松崎に残る頼朝伝説

公開日 2021年02月24日

文覚会見の相生堂

 相生堂跡

頼朝伊那上神社参詣と社殿寄進

宮内の伊那上神社神官金指家の過去帳に、「承安3年(1173)源頼朝公御参詣大明神」とあり、頼朝27歳の時にあたる。伊那上は往昔三島宮、三島大明神とも称されていた。
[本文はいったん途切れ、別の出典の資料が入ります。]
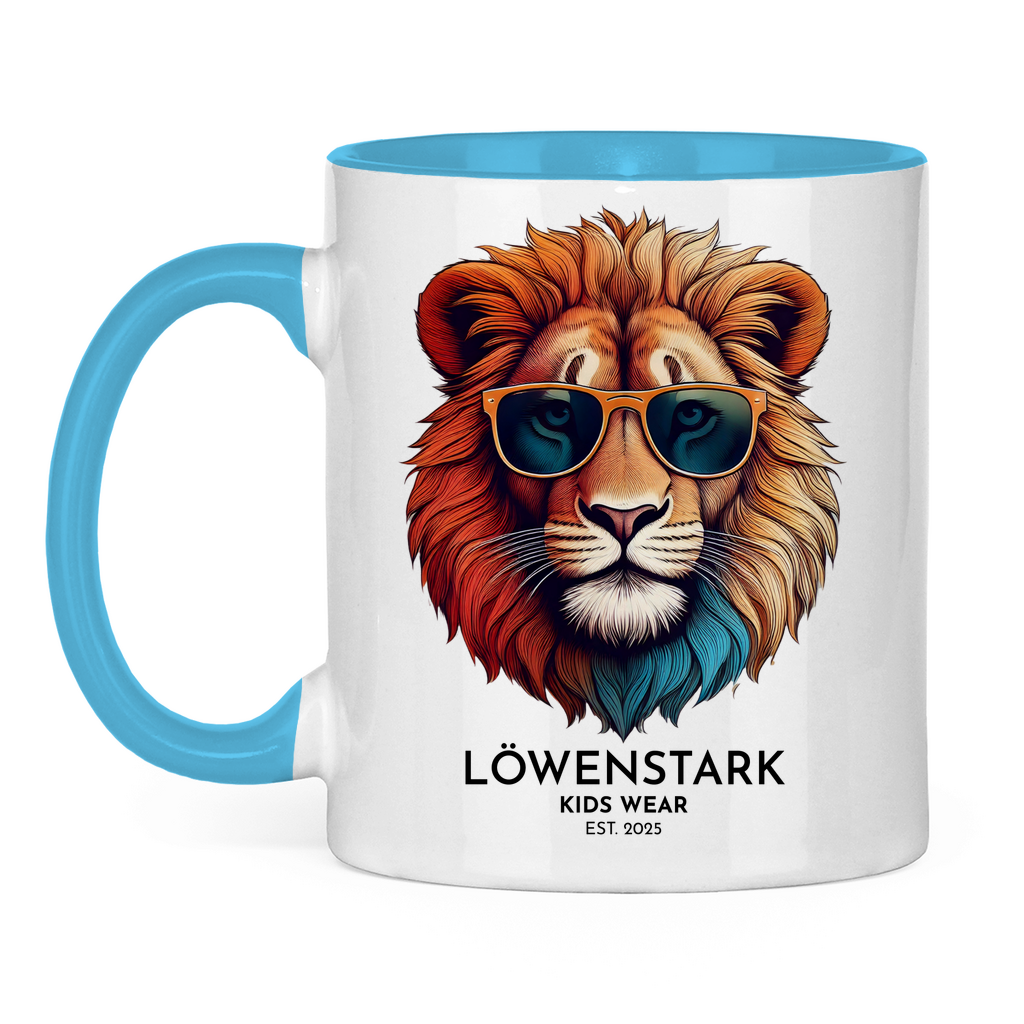 Löwenstark Logo Tasse zweifarbig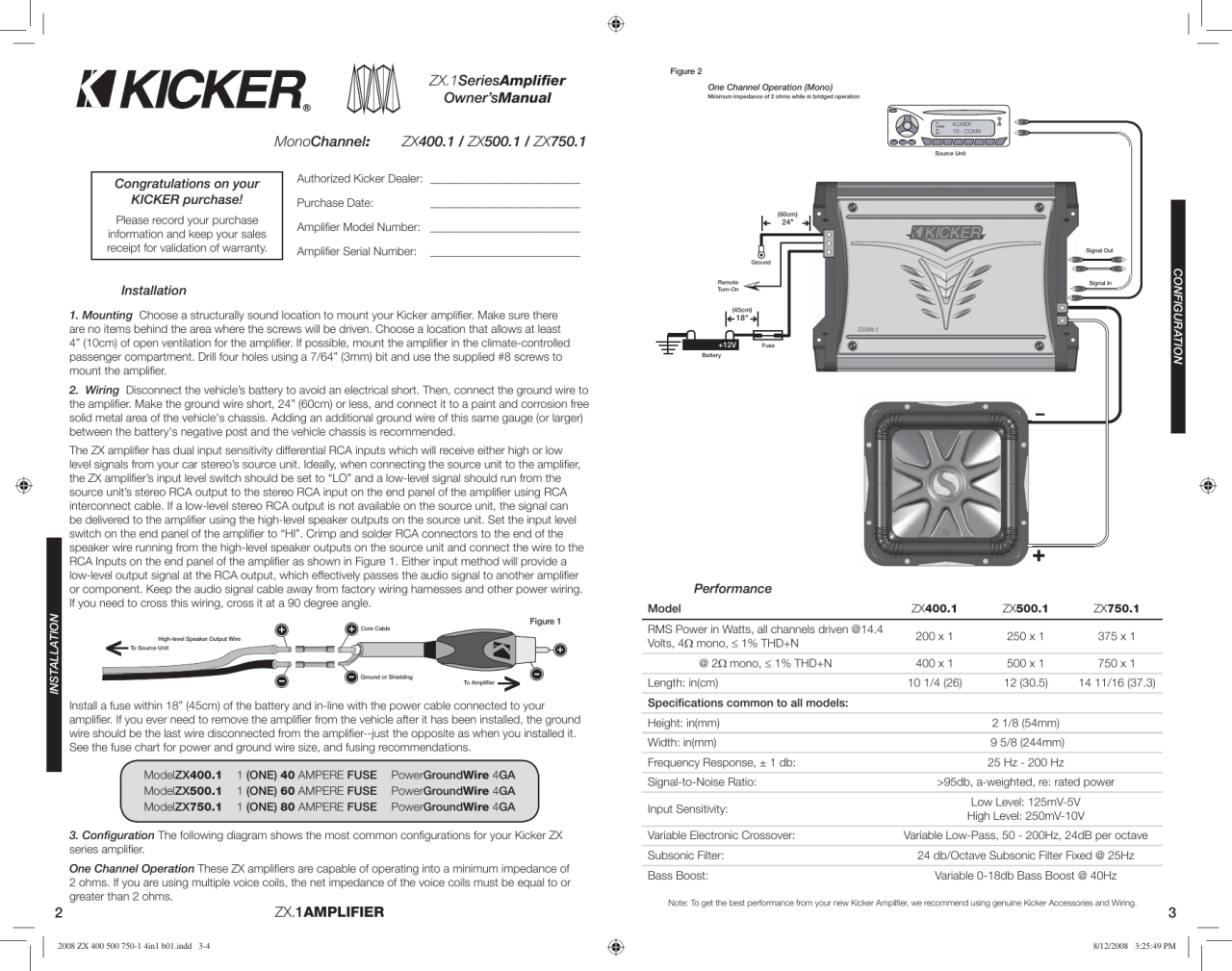 Kicker 800.1 Wiring Diagram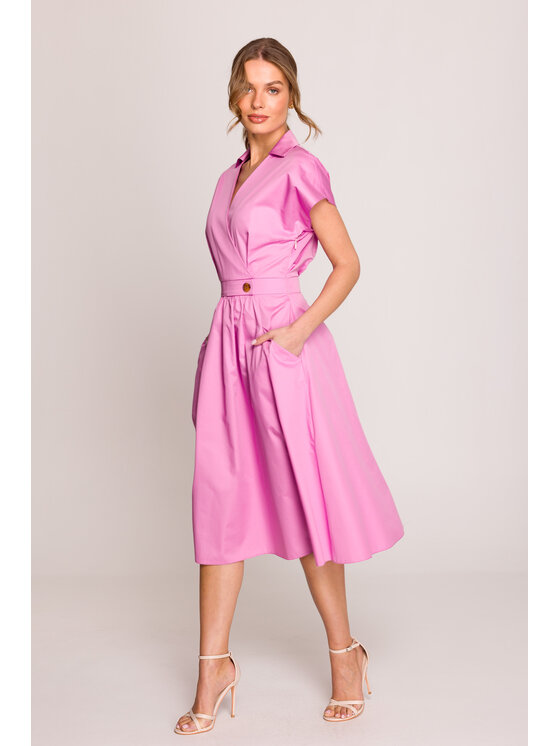 Stylove Stylove Letné šaty S401 Ružová Premium Fit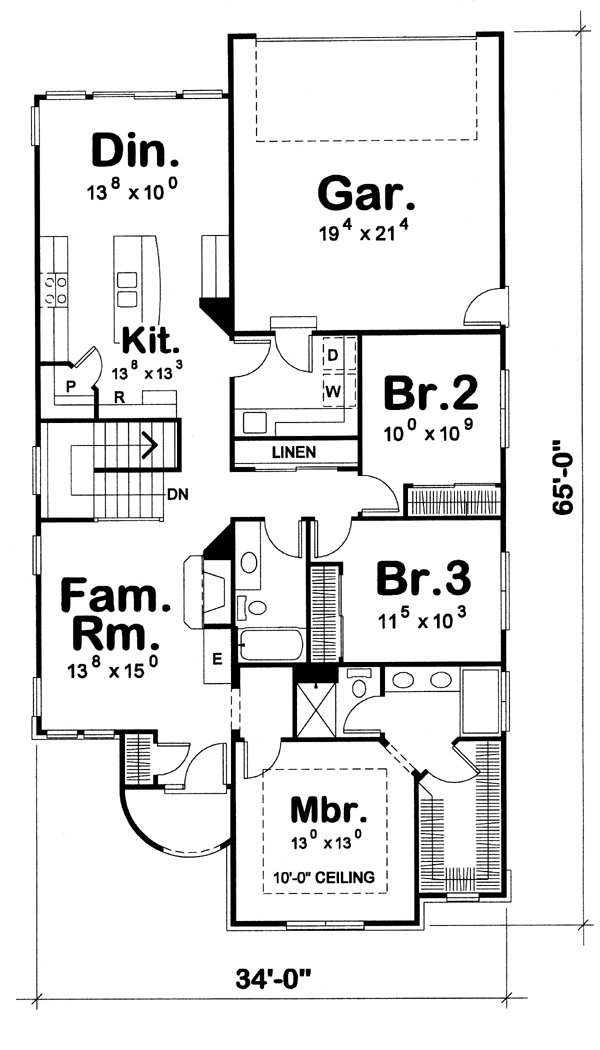 House Plan 66416 Level One
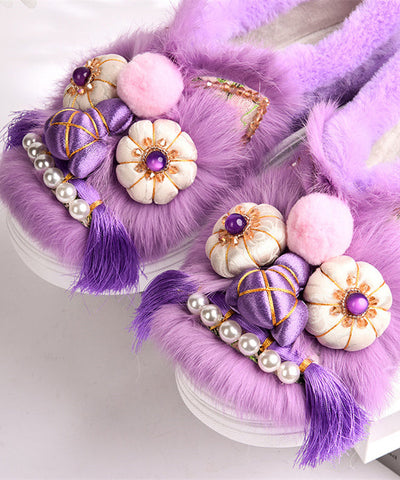 Lila Retro Handgefertigte Plateau-Ballerinas mit flauschiger Wolle im Spleiß-Design  Lila Retro Handgefertigte Plateau-Ballerinas mit flauschiger Wolle im Spleiß-Design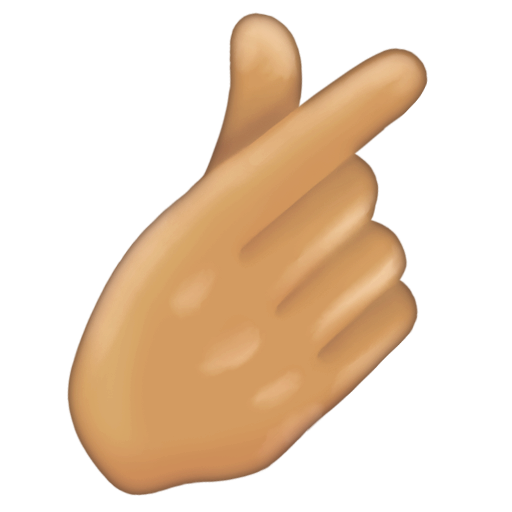 Hand with Index Finger and Thumb Crossed: Medium-Light Skin Tone, the design in this release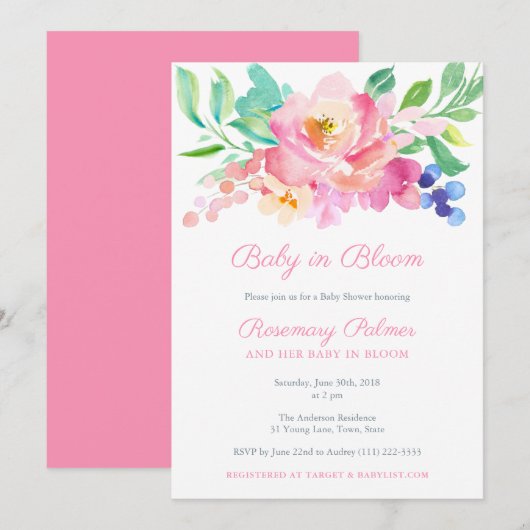 Invitation Bébé En Fleur Gras Été Floral Fille Baby shower (Devant / Derrière)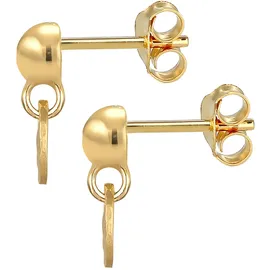 ELLI PREMIUM Ohrstecker Kugel Plättchen Antique 375 Gelbgold 375 onesize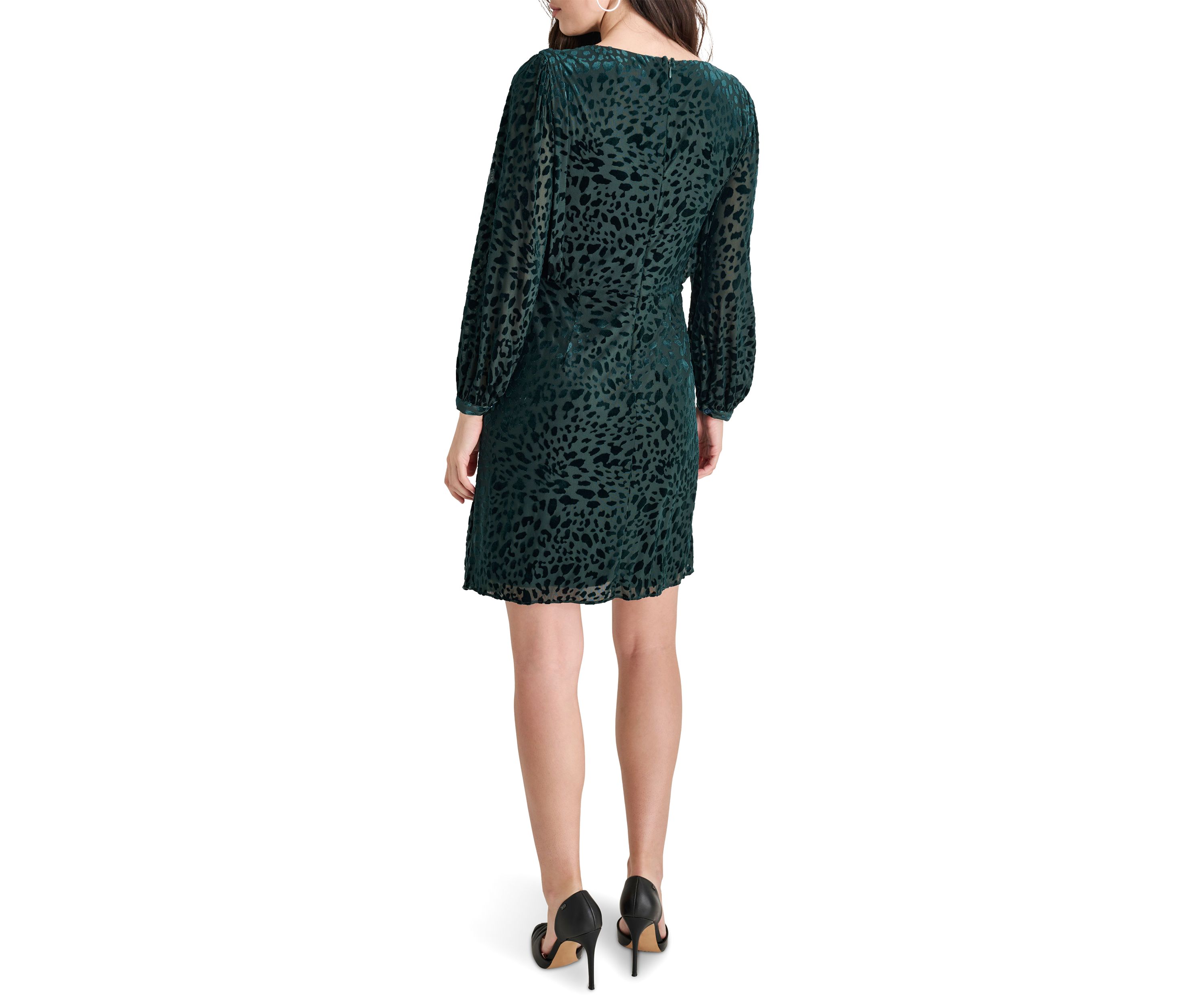Womens Side Scrunched Printed A-Line Dress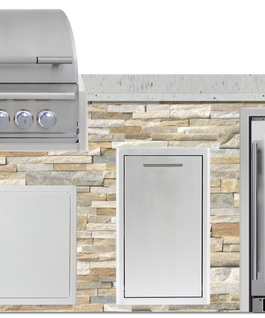 Blaze 96" Luxury Waterfall Finished Outdoor Kitchen PKG 19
のち建久3年(1192)頼朝が征夷大将軍に任ぜられ鎌倉幕府を開くと、かつて源氏再興を祈願した伊那上神社に社田を寄進した。以来伊那上神社は将軍家の尊信を深くし、神地500石を領して宮殿は宏壮、末社80有余を有する西豆第一の宮になったという。

岩地のかいもり段

源頼朝は、源氏の再興のため雲見浅間神社に参詣の帰途、岩地の大峯段中腹でお粥を炊いて食べたという伝説が残っています。その所を「粥盛り(かいもり)段」と呼んでいます。

「三浦風土志」

雲見の頼朝のかくれ穴

雲見浅間神社の本社殿をやや下ったところに頼朝の隠れたという岩穴があります。

 

頼朝の足跡

頼朝が伊豆へ流罪になったとき、池代にも来たと言われる。銚子ケ窪のお寺の山々には馬の足跡や、頼朝が馬から降りるとき金石の上に降りたためついたと言われる足跡が残っているとか。

「私の想い出」

 朝のお茶

朝のお茶は必ず飲むもんだってね。頼朝が追われてさ、一軒の家へ入ったら、「お茶をあがんなさい」ってお茶をよばれていたばっかしに、追っ手が家の前を素通りして、逃げたって。近所の人が来てお茶を飲んでると思ってね、見過ごして命拾いした。それで朝のお茶は戻っても飲むもんだって。それで、一杯は飲むもんじゃないってね。必ず二杯飲むもんだって。

(野田)

朝のくもは殺すな

頼朝さんが、敵に追われて来たときに、茶屋のお婆さんが、朝、お茶をくんだって。お茶をよばれて、「おみおつけを飲んでけ」ってって、おみおつけくれたって。そいで、じっとってうられないですら、敵が追いついてくるがだから。逃げたれば、ちょうど穴があったですって。はあ、逃げきれないから、その穴へ隠ねたですって。そうしたら、朝、くもが巣作ったって。そこを敵が追うて来たところが、「これ、くもの巣があるようじゃここへは入んない」そういって、通ってまったって。そのおかげに助かったから、朝のくもは殺すな。朝は、おみおつけを飲むもんだ。